Я хотел бы помочь стать цельной той, что обирает мир и кормится репьями, — истинные плоды протягивают нам из-за предела ощутимого, а здесь каждый играет свою игру, и стоит ее разглядеть, как остывает сердце.

Но она просыпается, когда от человеческого существа повеет на тебя безнадежностью. Когда ты не чувствуешь в нем жизненности и видишь его заблудшей овцой, слабым ребенком или обезумевшей от ужаса лисицей, что вцепляется тебе в руку, если ты ее кормишь. Разве обидят тебя ее страх, ее ненависть? Неужели ты оскорбишься злобным словом или укусом? Стоит отвлечься от слов с их бессмысленным смыслом, как сразу ты ощутишь близость Господа.

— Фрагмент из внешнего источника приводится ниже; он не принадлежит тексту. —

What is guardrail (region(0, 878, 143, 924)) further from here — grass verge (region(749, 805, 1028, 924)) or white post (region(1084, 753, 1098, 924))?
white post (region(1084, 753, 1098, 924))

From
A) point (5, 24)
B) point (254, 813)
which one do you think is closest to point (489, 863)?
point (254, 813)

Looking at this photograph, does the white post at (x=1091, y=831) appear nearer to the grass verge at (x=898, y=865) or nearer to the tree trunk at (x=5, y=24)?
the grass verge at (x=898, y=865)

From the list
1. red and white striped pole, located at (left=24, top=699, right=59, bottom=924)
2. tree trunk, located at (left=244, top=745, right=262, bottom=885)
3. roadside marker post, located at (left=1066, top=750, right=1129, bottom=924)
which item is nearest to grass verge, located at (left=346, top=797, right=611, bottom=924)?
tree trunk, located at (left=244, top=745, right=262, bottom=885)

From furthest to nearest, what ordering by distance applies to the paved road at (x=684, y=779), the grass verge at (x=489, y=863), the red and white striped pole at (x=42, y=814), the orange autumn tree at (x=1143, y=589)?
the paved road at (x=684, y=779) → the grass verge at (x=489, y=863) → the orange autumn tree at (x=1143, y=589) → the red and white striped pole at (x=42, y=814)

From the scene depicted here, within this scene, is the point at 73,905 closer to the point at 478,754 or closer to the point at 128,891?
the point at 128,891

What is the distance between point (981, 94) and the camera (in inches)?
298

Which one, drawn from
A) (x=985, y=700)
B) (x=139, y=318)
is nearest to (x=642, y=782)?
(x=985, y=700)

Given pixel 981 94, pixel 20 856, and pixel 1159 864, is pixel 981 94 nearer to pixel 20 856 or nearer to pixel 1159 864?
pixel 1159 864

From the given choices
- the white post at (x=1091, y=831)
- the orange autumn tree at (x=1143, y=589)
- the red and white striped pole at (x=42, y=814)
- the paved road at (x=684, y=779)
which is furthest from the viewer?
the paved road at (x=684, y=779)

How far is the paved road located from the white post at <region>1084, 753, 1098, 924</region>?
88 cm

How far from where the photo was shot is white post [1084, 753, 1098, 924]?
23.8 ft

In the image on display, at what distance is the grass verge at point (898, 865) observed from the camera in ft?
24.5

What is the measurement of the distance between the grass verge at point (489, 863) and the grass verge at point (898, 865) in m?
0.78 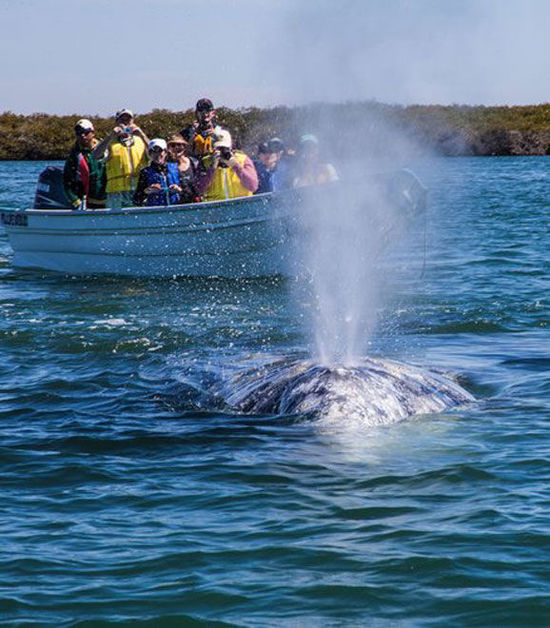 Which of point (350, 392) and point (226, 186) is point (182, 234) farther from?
point (350, 392)

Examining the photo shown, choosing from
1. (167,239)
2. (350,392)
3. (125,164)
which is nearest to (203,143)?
(125,164)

Я первый за то, чтобы отрубить обидчику голову, если этого требует мое чувство справедливости, если мне нанесено оскорбление. Но я неизмеримо больше лисицы, мечущейся в ловушке, и могу — нет, не простить, меня не достигают обиды на вершине моей горы, где я всегда одинок, — я могу расслышать в ее бессмысленных воплях глухую безнадежность.

С самой прекрасной, благородной и совершенной из девушек ты можешь оказаться вдали от Господа. Ее не нужно утешать, собирать, укреплять. И если она просит тебя позаботиться о ней и целиком принадлежать любви, она призывает тебя к эгоизму на двоих, который по ошибке зовут светом любви, — нет, это бесплодный пожар, грабеж житниц.

Я коплю себя не для того, чтобы замкнуть себя женщиной и успокоиться.

Зато распутная, лживая, неверная требует от меня столько сердца, чтобы ее любить, столько терпения и молчаливости, которые так красноречиво говорят о подлинной любви, что благодаря ей я начинаю ощущать вкус вечности.